Wednesday, 25 April 2012

Syria situation “bleak” – Annan text

Cartoon from Russian news channel RT
 Madam President,
1. I speak to you today at an important juncture in our common efforts to bring an end to violence and abuses in Syria and launch a political process that can bring an end to the crisis through peaceful means. I therefore appreciate this opportunity to brief the Council.
2. Let me first thank the Security Council for its very strong support. Your quick and unanimous decisions to authorize the deployment of an Advance Team, and to establish the United Nations Supervision Mission, have shown the determination of the international community to meet the challenge of bringing a peaceful end to the Syrian crisis.
3. I wish to warmly thank Secretary-General Ban and Secretary-General el-Araby for their continued support for my efforts. I have been intensively engaged with a number of key leaders in the region and internationally, and thank them for their continued support as well. I greatly valued the backing and counsel I received when I attended the meeting of the Ministerial Committee of the Arab League in Doha last week.
4. We must ensure that the momentum generated by the Council's speedy decision is not lost. The expeditious deployment of UNSMIS, subject to assessment by the Secretary-General of the situation on the ground, is crucial. The support of member states to the Mission, in particular through the rapid secondment of military observers, will greatly contribute to the success of these efforts.

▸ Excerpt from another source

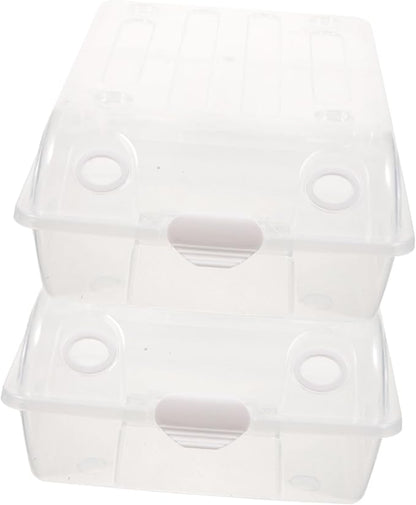 2pcs Large Transparent Plastic Shoe Storage Box Stackable and Dustproof Design for Men and Women for Organizing Sneakers and Footwear White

5. Allow me to share with the Council my overall assessment of the situation and to draw the link between the challenges on the ground, the deployment of the Mission, and the broader political objectives I have in mind.
Madam President
6. The Secretary-General, in his letter to the Council requesting the deployment of he Mission, made clear that the situation in Syria continues to be unacceptable. It is entirely contrary to the will of the international community and to the interests of the Syrian people. The Syrian authorities must implement their commitments in full, and a cessation of violence in all its forms must be respected by all parties.
7. Deputy Special Envoy Jean-Marie Guehénno briefed you on 19 April on the lull in fighting that was achieved after 12 April, and the subsequent reports of escalation, including shelling and violence in Homs. Since that briefing, reports of violence have continued. Without comprehensive monitoring of the situation, it is difficult to assess the level of violence, but the available reports suggest that, taken as a whole, the level of violence has decreased across the period since 12 April -- this, however, does not cover the spike in violence reported yesterday.
8. The peacekeeping department is updating you on the latest work of the Advance Team, which is not yet in a position to monitor meaningfully the situation throughout the country. I would like to take this opportunity to commend Hervé Ladsous, the Under-Secretary-General for Peacekeeping Operations, and his staff at the Department of Peacekeeping Operations, for their swift deployment of the Advance Team under difficult circumstances and at a critical time.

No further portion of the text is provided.